EXERCISE INSTRUCTIONS ▸
Leaving the pictures aside, reproduce the data in full and word for word.

DATA ▸
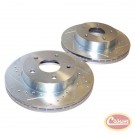 Brake Rotor Set (Front; Drilled & Slotted) - Crown# RT31032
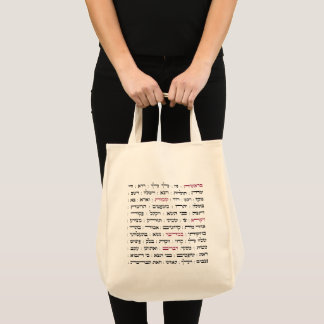 Tote Bag Torah Parshiot Parshas Weekly Readings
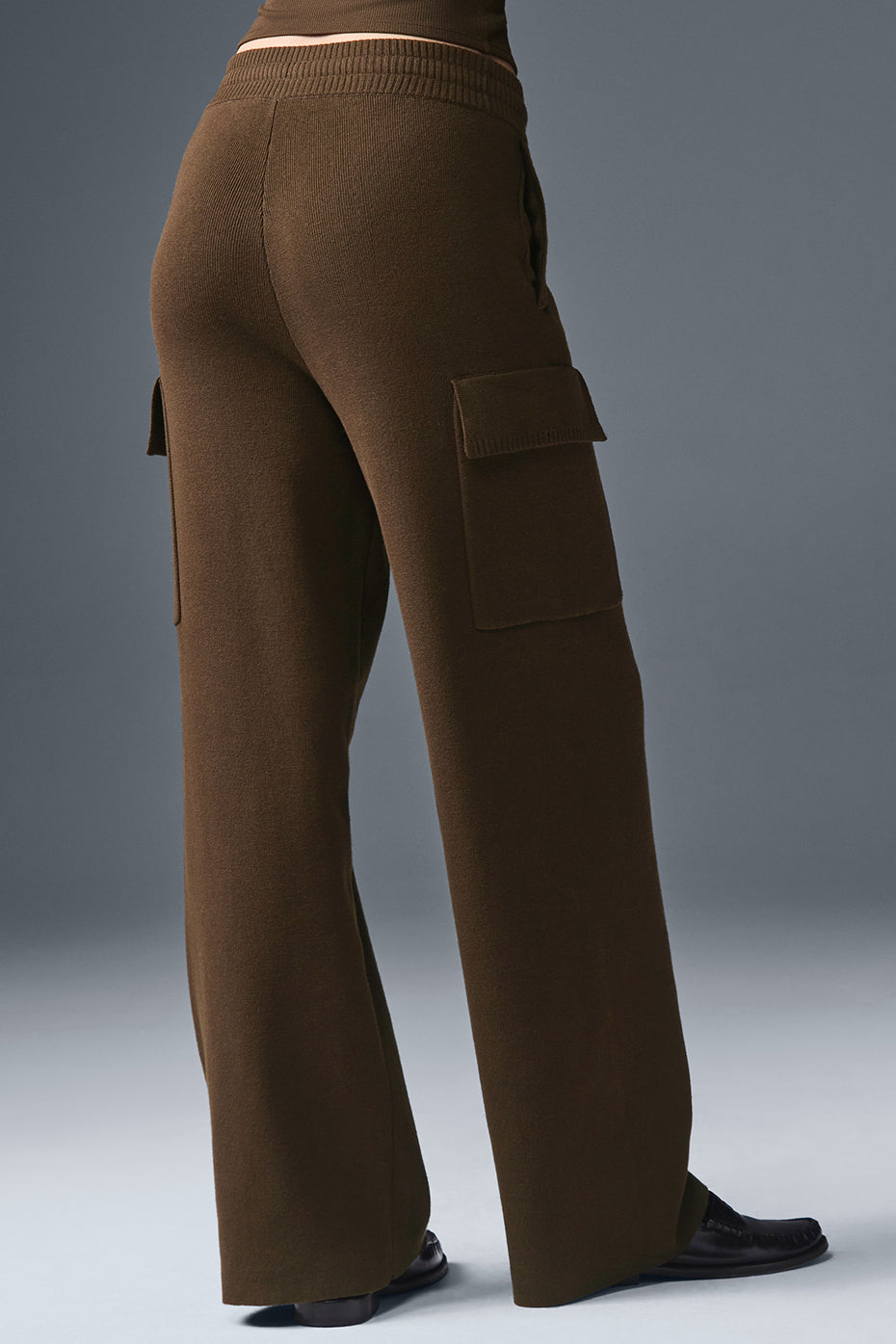 Scholar Knit High-Waist Cargo Pant - Espresso - Image 3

WRITTEN ANSWER ▸
 Brake Rotor Set (Front; Drilled & Slotted) - Crown# RT31032
 Tote Bag Torah Parshiot Parshas Weekly Readings
 Scholar Knit High-Waist Cargo Pant - Espresso - Image 3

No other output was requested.